#### Exercise description
Repeat the records below exactly from the line containing "Tourists capture scenic" to the line containing "En grupp m&auml;nniskor, inklusive", taking in both of those lines. Drop the pictures.

+++ Dataset content

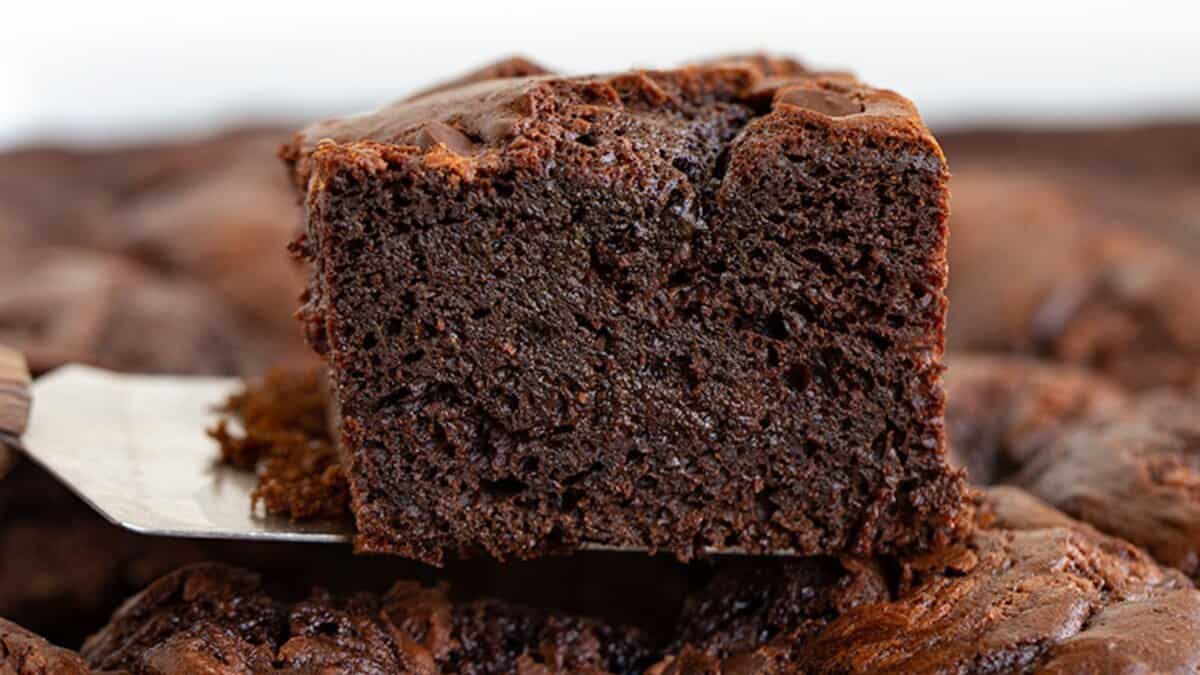 A close-up of a thick, moist chocolate brownie on a spatula, with more brownies in the background&mdash;perfect for anyone who loves decadent chocolate desserts.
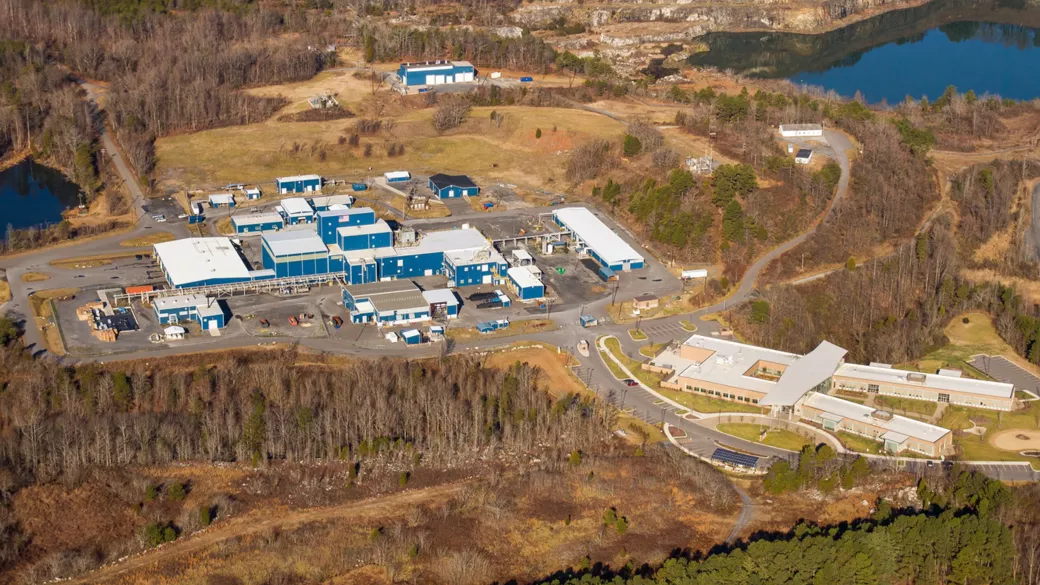 Aerial view of a large industrial facility with multiple blue-roofed buildings surrounded by trees and greenery. There is a smaller complex with white-roofed structures nearby. The area features paved roads, parking spaces, and two bodies of water in the background.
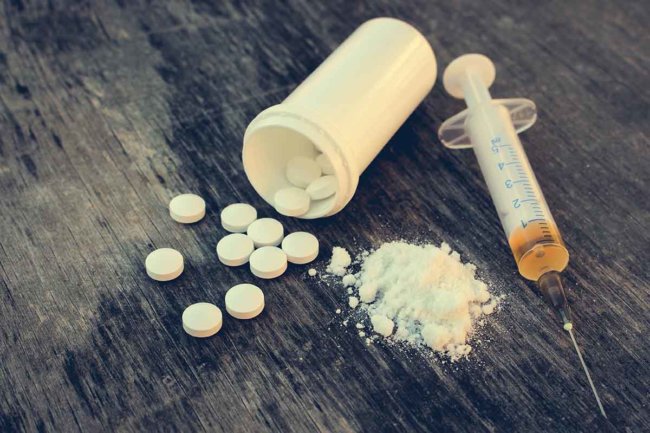 pills powder and syringe, heroin rehab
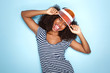 © mimagephotos - trendy young african woman in cap sticking out tongue over blue background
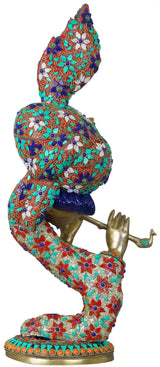 Krishna brass flute sculpture with ornate mosaic robe and raised hand, side view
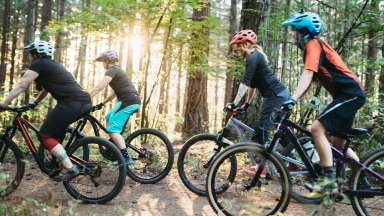 people on a trail mountain biking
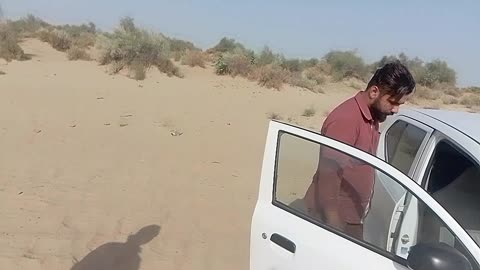 car stuck in desert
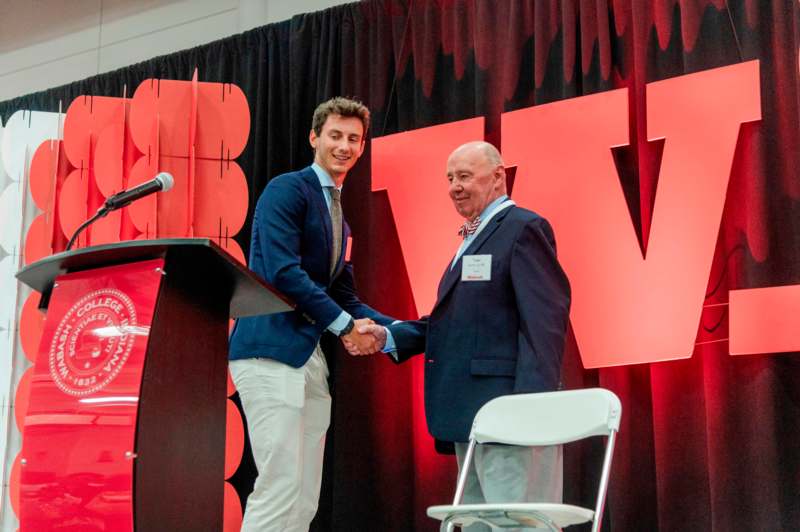 a man shaking hands with another man at a podium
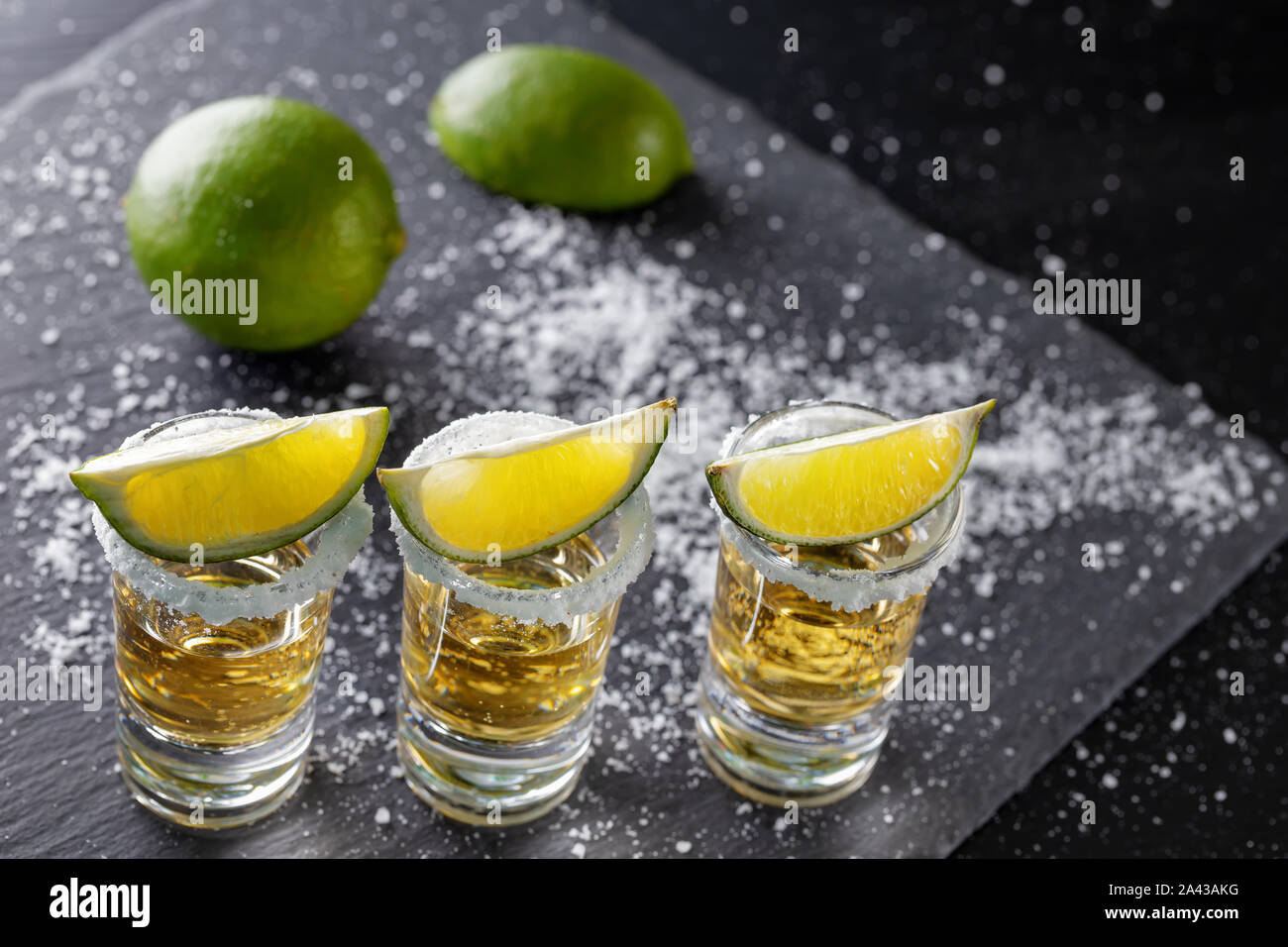 Drei Gläser golden Mexikanischen Tequila und Kalk mit Salz auf einem dunklen Hintergrund Stockfoto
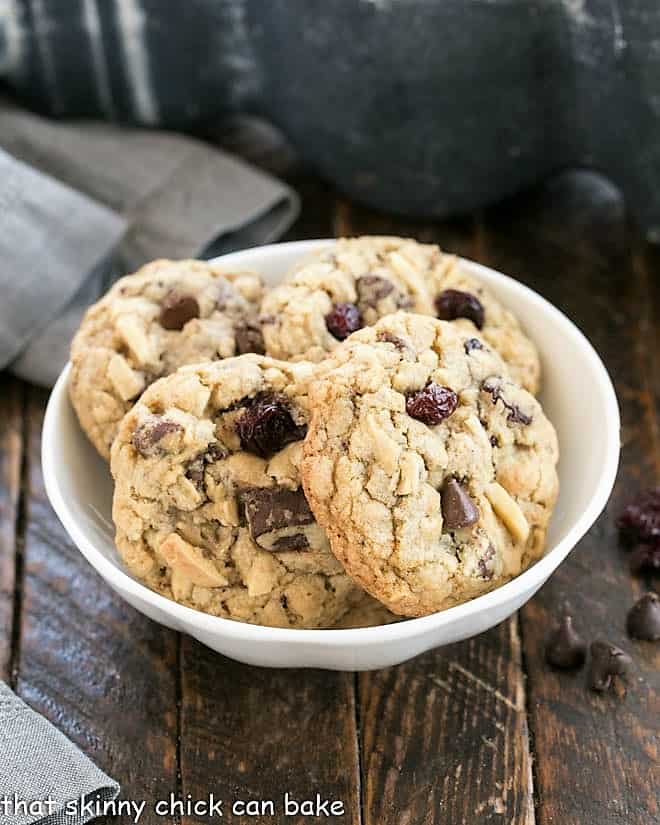 Shallow white bowl with 4 chewy oatmeal cookies.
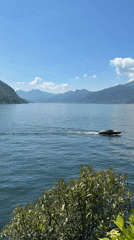 Tourists capture scenic Lake Como views in Varenna
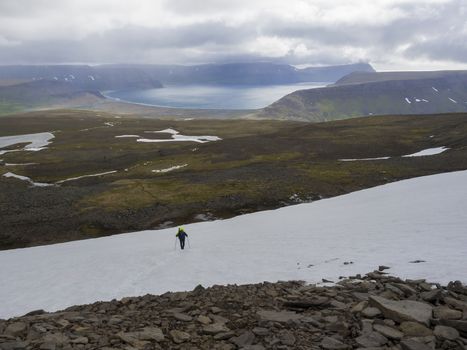 Lonely man hiker with heavy backpack walking on snow field in west fjords nature reserve Hornstrandir in Iceland with view on adalvik cove, ocean, hills and dramatic cliffs, dark cloudy sky background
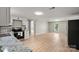 Stylish kitchen featuring modern appliances, granite countertops, and new flooring at 1746 2Nd Street Sw Pl, Hickory, NC 28602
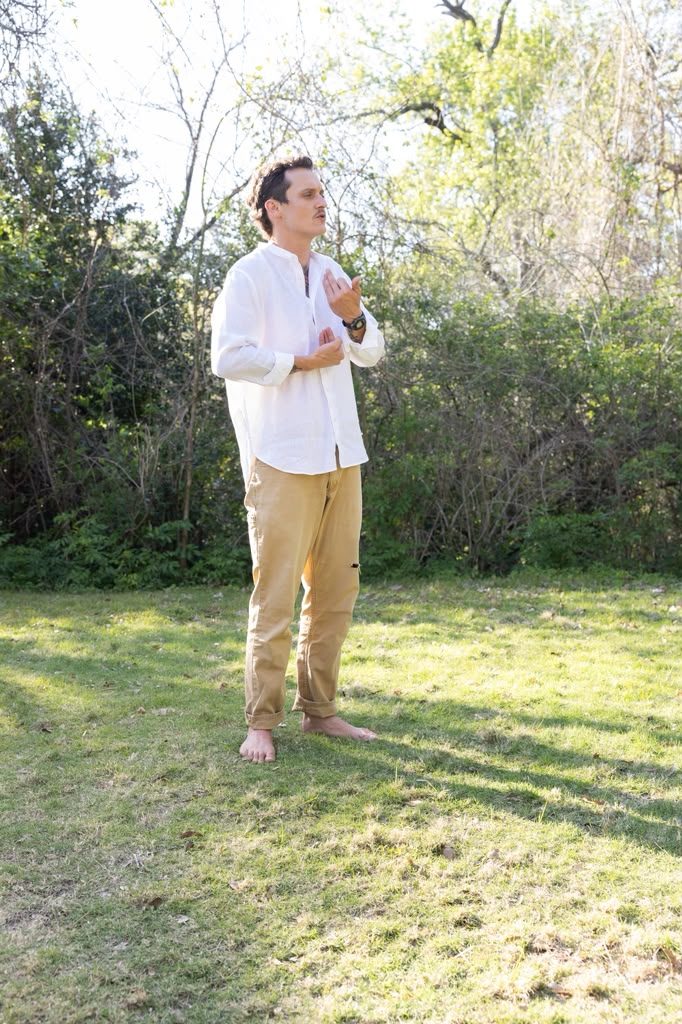 Nick Dearman standing outdoors in a mindful breath practice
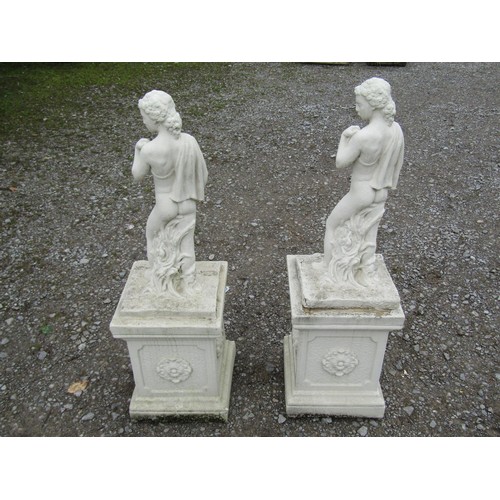 1034 - A matched pair of painted garden ornaments in the form of classical standing male nudes set on squar... 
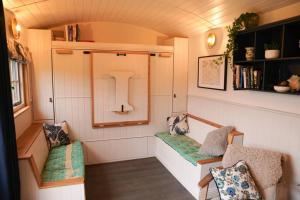 Shepherds Hut in countryside near Bath and Bristol في بريستول: غرفة صغيرة مع كرسيين في منزل صغير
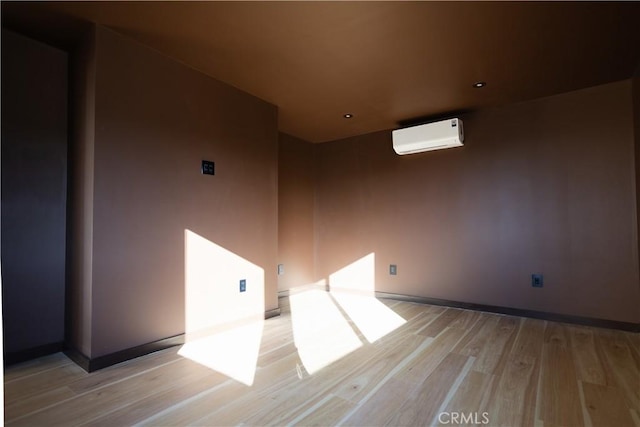 3977 Sage Ave, Yucca Valley, CA 92284 - empty room with light wood finished floors, a wall mounted air conditioner, baseboards, and recessed lighting
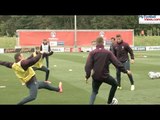 Wayne Rooney slide tackles John Stones in intense practice drill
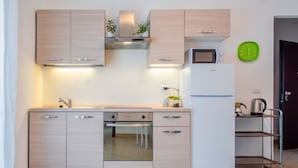 A modern kitchen with light wood cabinets, a built-in oven, a microwave, and a stainless steel refrigerator.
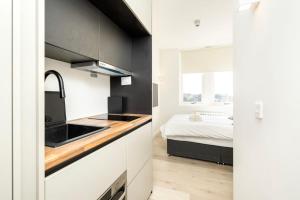 een keuken met een wastafel en een bed in een kamer bij Modern City Living Studios at Antigallican in Londen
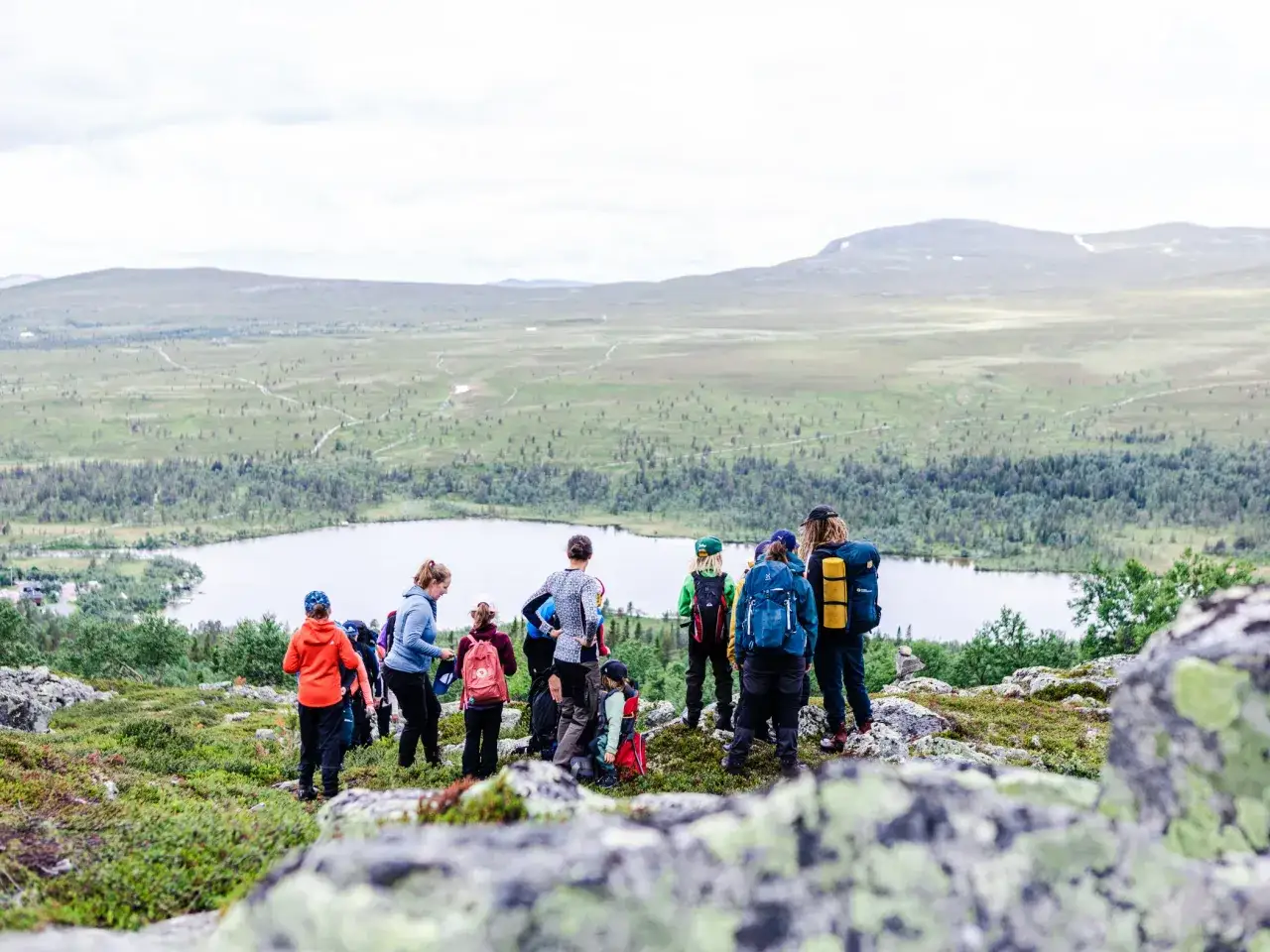 En grupp m&auml;nniskor, inklusive barn, deltar i guidade vandringar i ett vackert fj&auml;llandskap med en sj&ouml; i bakgrunden.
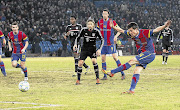 BIG BLOW: FC Basel's Valentin Stocker, right, scores the winning goal during the Champions League last-16 first-leg match against Bayern Munich on February 22. Basel could soon progress to the quarterfinals of the competition for the first time in 20 years Picture: REUTERS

++++++

#### Response area
 Tourists capture scenic Lake Como views in Varenna
 Lonely man hiker with heavy backpack walking on snow field in west fjords nature reserve Hornstrandir in Iceland with view on adalvik cove, ocean, hills and dramatic cliffs, dark cloudy sky background
 Stylish kitchen featuring modern appliances, granite countertops, and new flooring at 1746 2Nd Street Sw Pl, Hickory, NC 28602
 Nick Dearman standing outdoors in a mindful breath practice
 1034 - A matched pair of painted garden ornaments in the form of classical standing male nudes set on squar... 
 Shepherds Hut in countryside near Bath and Bristol في بريستول: غرفة صغيرة مع كرسيين في منزل صغير
 3977 Sage Ave, Yucca Valley, CA 92284 - empty room with light wood finished floors, a wall mounted air conditioner, baseboards, and recessed lighting
 Wayne Rooney slide tackles John Stones in intense practice drill
 A modern kitchen with light wood cabinets, a built-in oven, a microwave, and a stainless steel refrigerator.
 een keuken met een wastafel en een bed in een kamer bij Modern City Living Studios at Antigallican in Londen
 En grupp m&auml;nniskor, inklusive barn, deltar i guidade vandringar i ett vackert fj&auml;llandskap med en sj&ouml; i bakgrunden.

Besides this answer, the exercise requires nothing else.